The What Works Centre for Children’s Social Care, in partnership with the Office of the Children’s Commissioner, is looking for local authority partners to embark on a series of pilot studies to explore the use of predictive analytics in children’s social care and specifically to test if it can be used to help reduce the escalation of cases.
Predictive analytics could be used to identify patterns by analysing large quantities of case note data and outcome data that an individual social worker couldn’t reasonably process individually. Advances in this technology has successfully assisted decision-making in multiple fields, from commercial industry to medicine. Researchers and companies are now suggesting that these techniques could be used to benefit the children’s social care sector and are producing tools which purport to help social workers to make decisions, and in some cases even to make the decisions themselves. That is why the Centre feels it is important to lead an evidence led debate on when and where these tools are effective, ethical and acceptable.
The Centre hopes these pilots will help to answer key questions including:
Can predictive analytics be useful in Children’s Social Care?
If so, in what circumstances?
And importantly, just because we can use predictive analytics, should we?
Participating local authorities will be expected – following appropriate due diligence and data protection processes – to make case note and outcome data available to the What Works Centre and the Office of the Children’s Commissioner, and to participate in occasional workshops to help us understand the results of the analysis.

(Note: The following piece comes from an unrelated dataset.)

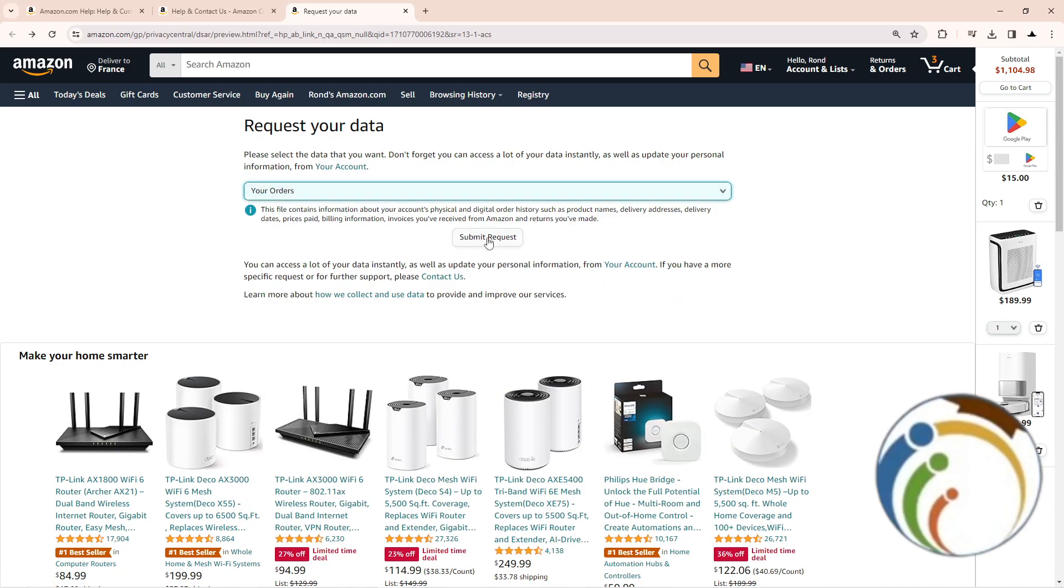And then start to click on submit request and it will appear for you on your Gmail account. I hope you understood this video.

To complement this programme of work, the Centre will be looking to commission independent research on the ethics of predictive analytics in Children’s Social Care later in the year, as well as hosting a discussion event in March with stakeholders from across the sector to explore both the practical and ethical issues this work presents.
Michael Sanders, Executive Director of the What Works Centre for Children’s Social Care said:
“I’m delighted that we’ll be beginning this partnership with the Office of the Children’s Commissioner on this important topic.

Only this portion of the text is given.